Pinellas County views this as a film and tourism marketing investment; Hillsborough sees a chance to boost infrastructure and employment.
The goals may be different but, for the first time in memory, the two film commissions are solidly and fiscally on the same team.
“I didn’t realize there was a big competition,” said St. Petersburg-Clearwater film commissioner Tony Armer, hired for the position in 2014. “I thought we were all just one big happy family around here.”
Tampa-Hillsborough film commissioner Dale Gordon thought the same, after being hired away from Orlando’s agency in 2013.
“When I got here, that was one of the first things brought to my attention,” she said, “that there really wasn’t a united front in the past. To me, that seemed silly, coming from a regional film commission where we represented four counties.
“When filmmakers come here they don’t see city lines or county lines. They just say, ‘I want to film in Tampa Bay,’ so it just makes perfect sense that we work together.”
Miss Peregrine’s Home for Peculiar Children is expected to film locally until March 7, when the production will move to its primary locations in the United Kingdom for completion. Twentieth Century Fox has slated a March 4, 2016 release date.
Based on the novel by Ransom Riggs, the story involves an orphan named Jacob (Asa Butterfield, Hugo) and his adventures with supernatural students of the title character, played by Eva Green (Casino Royale).
Riggs was raised in Englewood, and early chapters of his book are set nearby in Sarasota. Tampa Bay will double for its neighbors to the south at the suggestion of Burton, who filmed Edward Scissorhands around Tampa Bay in 1990.
“Even though this will only be two weeks (of local filming), this will be the biggest film ever to shoot in this area, budgetwise,” Armer said. “It’s special effects-heavy, sort of a Harry Potter-esque feel. The marketing budget for this film will probably be double what the production budget of Dolphin Tale was.” (That budget was reportedly $37 million.)
No official budget for Burton’s movie has been announced. Armer read an estimate online of $100 million, making his agency’s $100,000 incentive a drop in the bucket. What Pinellas County gets in return for its incentive could be worth much more, in attracting tourists and future film and video projects.
“There are ‘deliverables’ that must be met before they’ll receive (any funds),” Armer said. “It’s not an up-front grant or cash, by any means.”
Those requirements include testimonials on filming in Pinellas County from Burton, his actors and crew, plus authorized use of behind-the-scenes videos and photos. Those will be used in future promotions of the area as a filming destination. In addition, the St.

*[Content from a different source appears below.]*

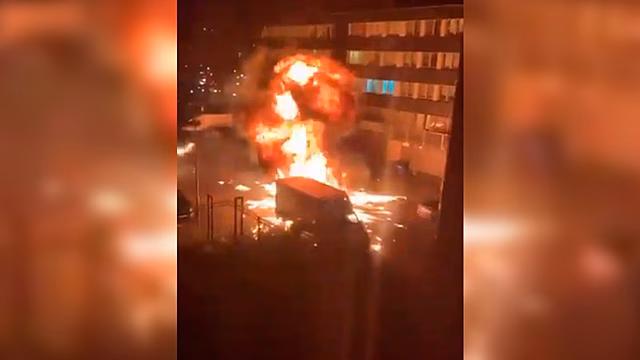 Опубликовано видео взрыва во время беспорядков в Амстердаме 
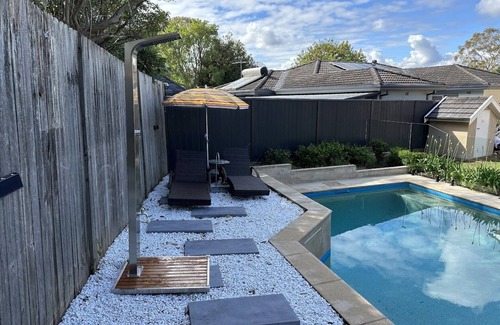 Marsfield House | Golden Swan Pool and Spa Smart Home with game room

Petersburg-Clearwater film commission brand will be included in the movie’s end credits.
Armer said the $100,000 marketing incentive has been built into his agency’s budget since 2007, when it was created by his predecessor, Jennifer Parramore. Several productions got portions in exchange for promotions, including the major productions Dolphin Tale and Magic Mike, and independent works like Grace Is Gone and Misconceptions.
Gordon’s agency had its $100,000 incentive approved by the Hillsborough County Commission, seeking an economic boost and temporary job creation for workers skilled in filmmaking crafts, such as set construction and removal that could last several weeks.

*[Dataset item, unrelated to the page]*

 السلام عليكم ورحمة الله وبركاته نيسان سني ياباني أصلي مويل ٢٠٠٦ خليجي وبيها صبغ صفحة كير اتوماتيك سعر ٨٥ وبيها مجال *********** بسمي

“We’re not doing a tourism spin on this one like Tony; we’re thinking about hotels (and) employment,” she said.
Proposed requirements that Burton’s production must fulfill include spending at least $2.5 million in Hillsborough County, and opening a production office there. The proposal also hinged on Pinellas County’s film commission matching the $100,000 offer.

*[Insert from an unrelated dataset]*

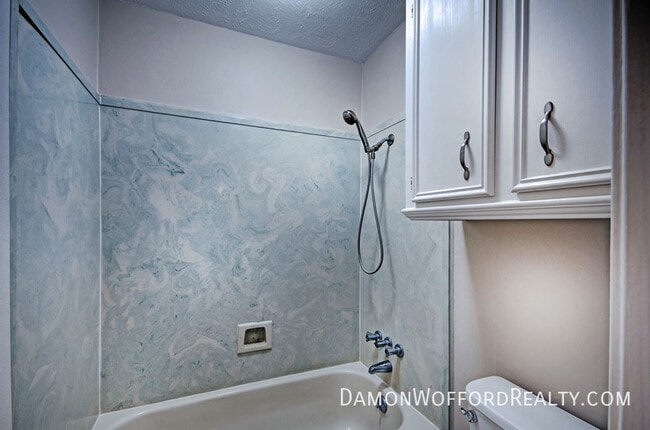 Building Photo - 502 Pelahatchie Shore Dr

“This was our way of saying, look, this really is going to be on both sides of the bay, so we both should have some skin in the game,” Gordon said. “It doesn’t all need to come from my side or his side. Let’s split the difference and both gain.”
Hillsborough Country previously approved a $250,000 incentive to bring production of The Infiltrator to the area. That true-life crime drama starring Bryan Cranston (Breaking Bad) is expected to begin local filming in April. Although a portion of The Infiltrator will be filmed in Pinellas County, Armer’s commission didn’t contribute any incentives for that project.
“Our hand has been forced by the lack of (state-funded) incentives,” Gordon said. “Both of these projects would not have come here had we not put something on the table.
“At the end of the day, you’re getting for a $200,000 investment about a $5 million local impact, and people are getting to work for two or three months without having to go to Louisiana or Georgia (where state incentives are offered).”